═══ Material shown ═══

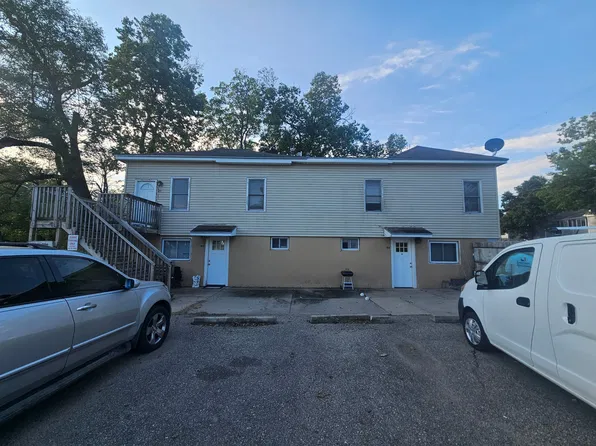 105 W Pine St #4, Junction City, KS 66441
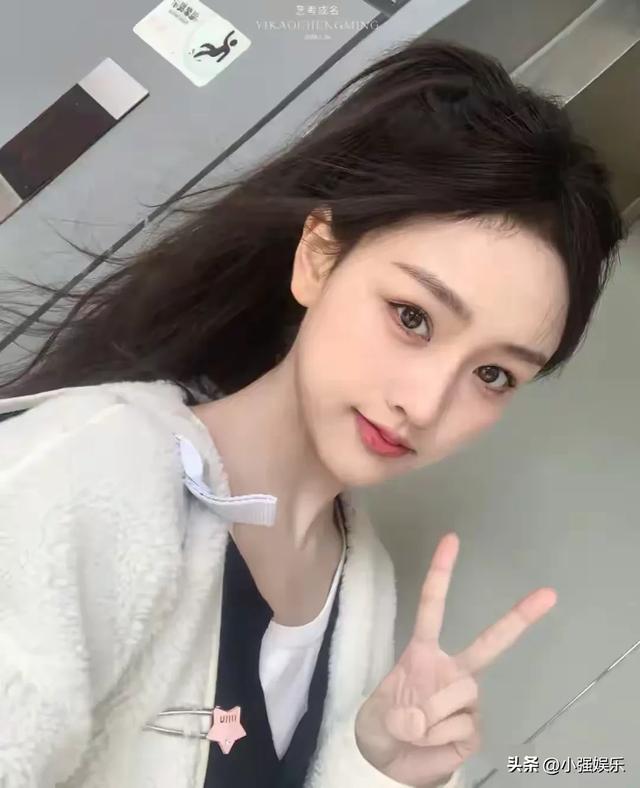 河南校花谢卓亚美貌惊艳全网，网友惊叹：美到让人怀疑人生！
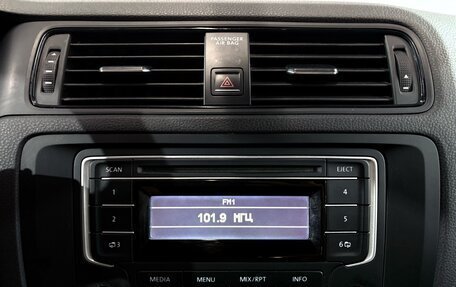 Volkswagen Jetta VI, 2015 год, 1 122 000 рублей, 12 фотография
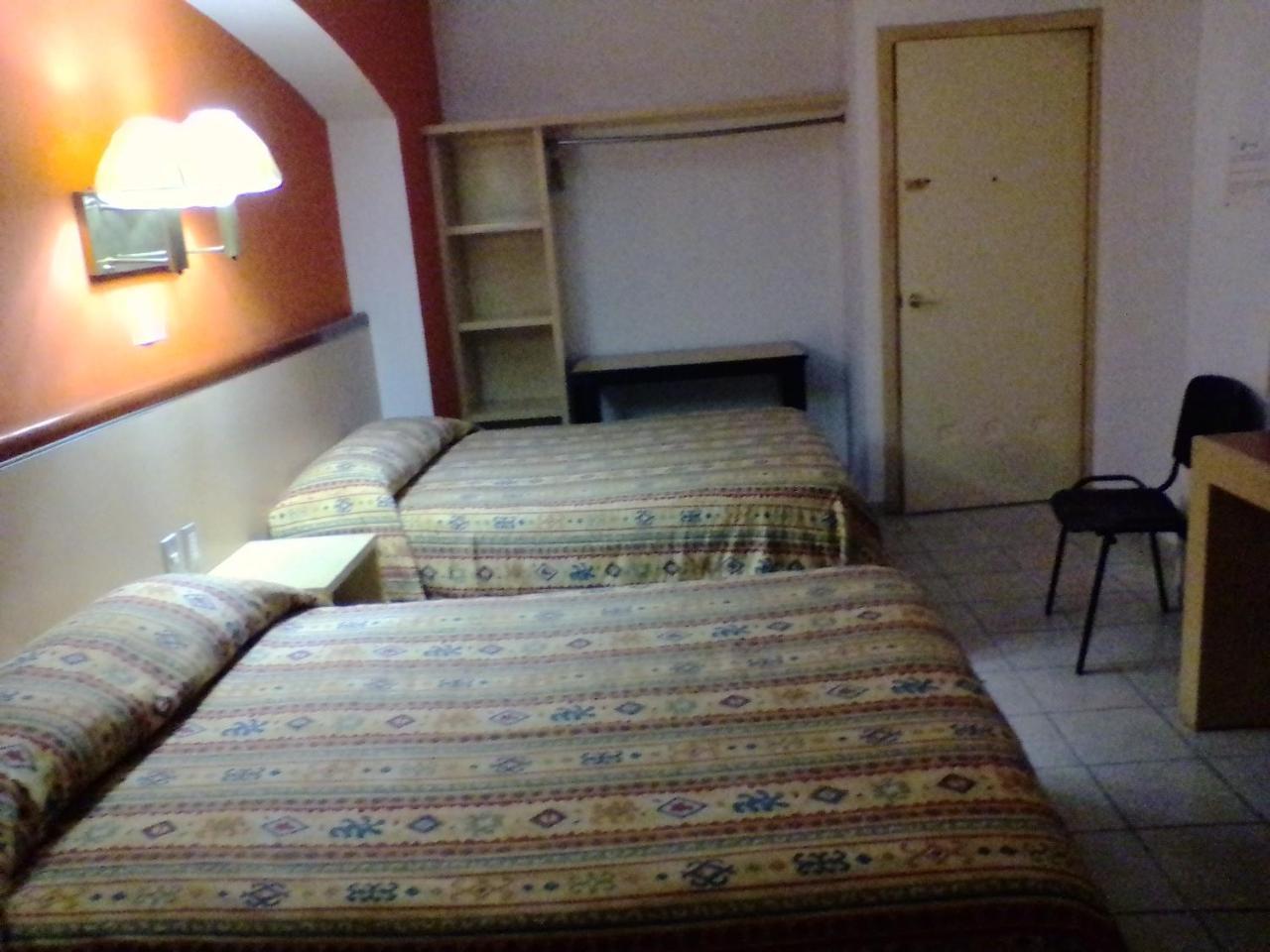 Hotel Montreal Leon Bagian luar foto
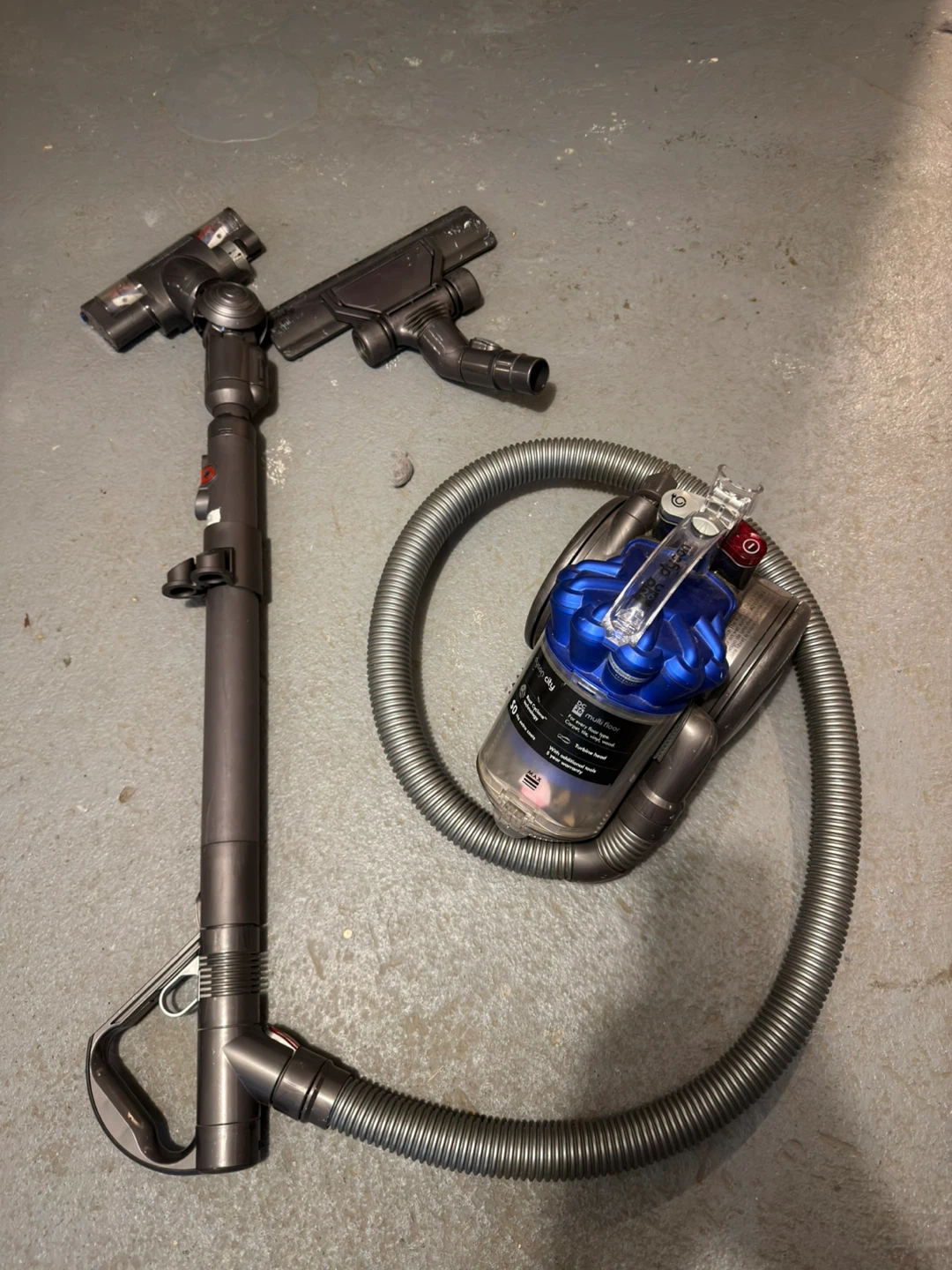 Dyson DC26 Vacuum Cleaner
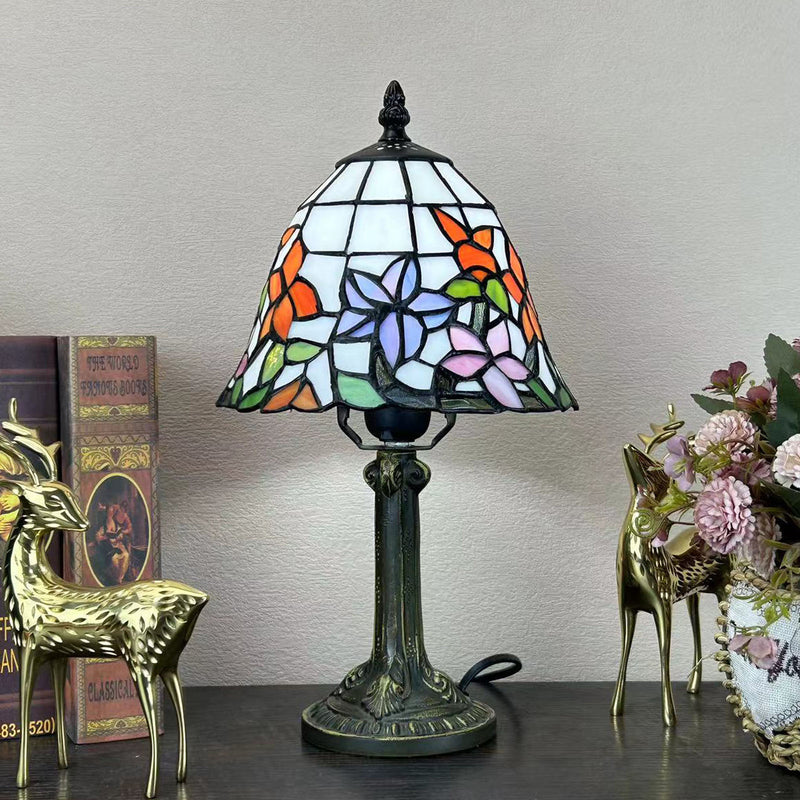 Traditionelle Tiffany Legierung Glas Dome Blume 1-Licht Tischlampe für Nachttisch 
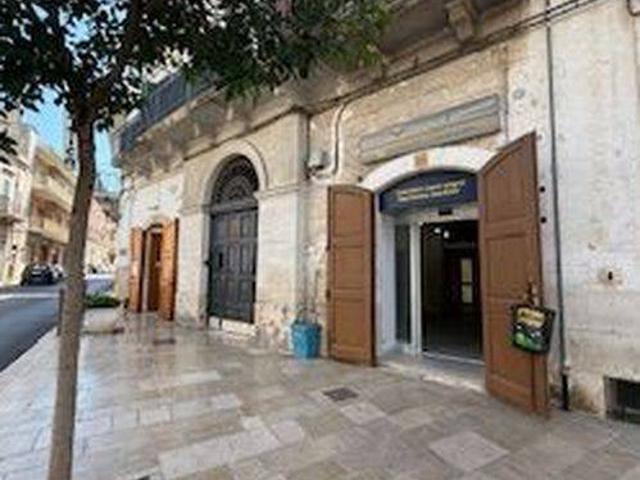 Locale Commerciale in vendita a Puglia, Bari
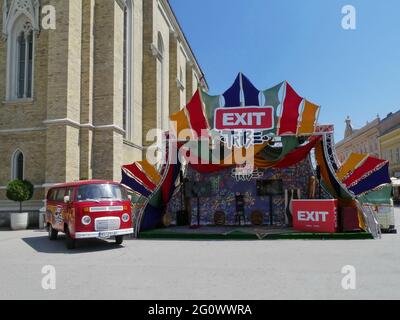 NOVI SAD, SERBIA - 10 giu 2019: Novi Sad, Serbia - 10 giu 2019: Van come simbolo del festival musicale Exit a Novi Sad, Serbia - uno dei migliori EUR Foto Stock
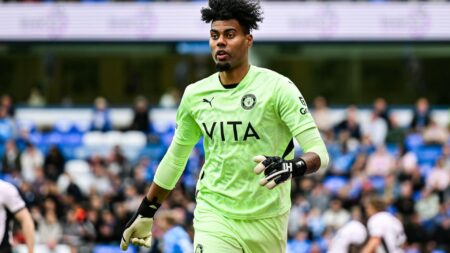 Stockport star Corey Addai ready to upset Leyton Orient locals as he heads home for League One play-off first leg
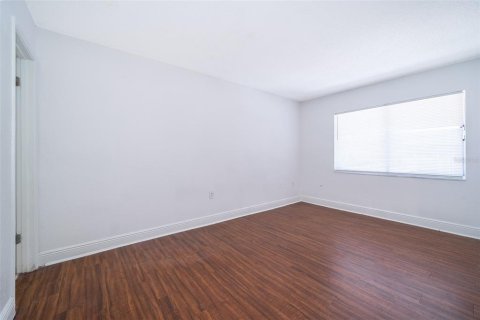 Condo in Orlando, Florida, 2 bedrooms  № 2217712 - photo 16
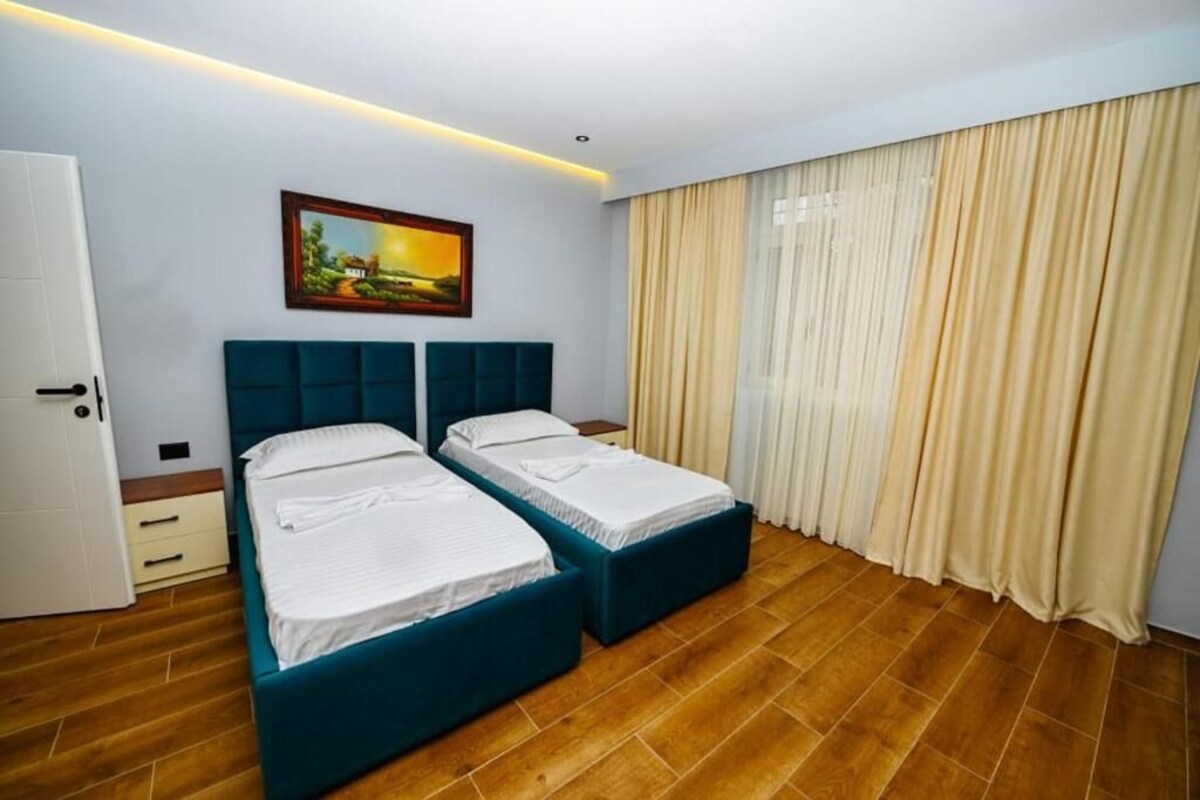 Double or Twin Room, Garden View | Blackout drapes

═══

What is being asked – Find the line that contains "Stockport star Corey", then write out that line and every line after it through the end of the records, exactly. Leave the pictures out.

Answer to this exercise –
 Stockport star Corey Addai ready to upset Leyton Orient locals as he heads home for League One play-off first leg
 Condo in Orlando, Florida, 2 bedrooms  № 2217712 - photo 16
 Double or Twin Room, Garden View | Blackout drapes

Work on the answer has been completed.